• _Exercise aim_
Reproduce exactly, and only, the lines running from the start of the entries below to the line containing "197778640 321684629668284 7633300538494847861".

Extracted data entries
☆ ☆ ☆

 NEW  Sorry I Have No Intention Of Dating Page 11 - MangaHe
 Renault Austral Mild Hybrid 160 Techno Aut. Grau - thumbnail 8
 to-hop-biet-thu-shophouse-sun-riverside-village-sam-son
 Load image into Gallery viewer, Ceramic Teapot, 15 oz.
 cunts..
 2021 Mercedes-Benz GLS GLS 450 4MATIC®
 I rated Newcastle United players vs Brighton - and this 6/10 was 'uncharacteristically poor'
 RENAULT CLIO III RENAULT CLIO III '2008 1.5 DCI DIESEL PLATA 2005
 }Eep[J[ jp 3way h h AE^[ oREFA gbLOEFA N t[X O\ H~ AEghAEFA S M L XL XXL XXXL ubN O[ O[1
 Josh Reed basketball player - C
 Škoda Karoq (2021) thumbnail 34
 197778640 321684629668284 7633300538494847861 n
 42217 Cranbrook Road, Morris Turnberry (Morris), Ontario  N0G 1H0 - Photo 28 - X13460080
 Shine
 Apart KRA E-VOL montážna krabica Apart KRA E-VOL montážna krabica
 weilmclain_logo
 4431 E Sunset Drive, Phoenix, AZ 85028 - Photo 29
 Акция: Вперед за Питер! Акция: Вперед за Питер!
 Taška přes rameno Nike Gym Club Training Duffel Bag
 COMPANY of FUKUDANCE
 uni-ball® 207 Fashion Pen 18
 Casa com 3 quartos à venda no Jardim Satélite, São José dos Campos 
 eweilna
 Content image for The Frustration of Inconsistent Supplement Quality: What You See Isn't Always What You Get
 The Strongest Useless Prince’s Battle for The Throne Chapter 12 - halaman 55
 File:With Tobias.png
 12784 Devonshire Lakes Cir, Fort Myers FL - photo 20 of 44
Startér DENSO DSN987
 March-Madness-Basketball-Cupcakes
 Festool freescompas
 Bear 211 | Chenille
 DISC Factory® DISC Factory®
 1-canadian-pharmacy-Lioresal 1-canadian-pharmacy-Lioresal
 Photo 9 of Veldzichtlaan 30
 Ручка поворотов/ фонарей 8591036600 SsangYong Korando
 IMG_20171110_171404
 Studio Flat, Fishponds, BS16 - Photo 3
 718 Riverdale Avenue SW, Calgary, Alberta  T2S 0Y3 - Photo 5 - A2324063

☆ ☆ ☆

• _Result for this task_
 NEW  Sorry I Have No Intention Of Dating Page 11 - MangaHe
 Renault Austral Mild Hybrid 160 Techno Aut. Grau - thumbnail 8
 to-hop-biet-thu-shophouse-sun-riverside-village-sam-son
 Load image into Gallery viewer, Ceramic Teapot, 15 oz.
 cunts..
 2021 Mercedes-Benz GLS GLS 450 4MATIC®
 I rated Newcastle United players vs Brighton - and this 6/10 was 'uncharacteristically poor'
 RENAULT CLIO III RENAULT CLIO III '2008 1.5 DCI DIESEL PLATA 2005
 }Eep[J[ jp 3way h h AE^[ oREFA gbLOEFA N t[X O\ H~ AEghAEFA S M L XL XXL XXXL ubN O[ O[1
 Josh Reed basketball player - C
 Škoda Karoq (2021) thumbnail 34
 197778640 321684629668284 7633300538494847861 n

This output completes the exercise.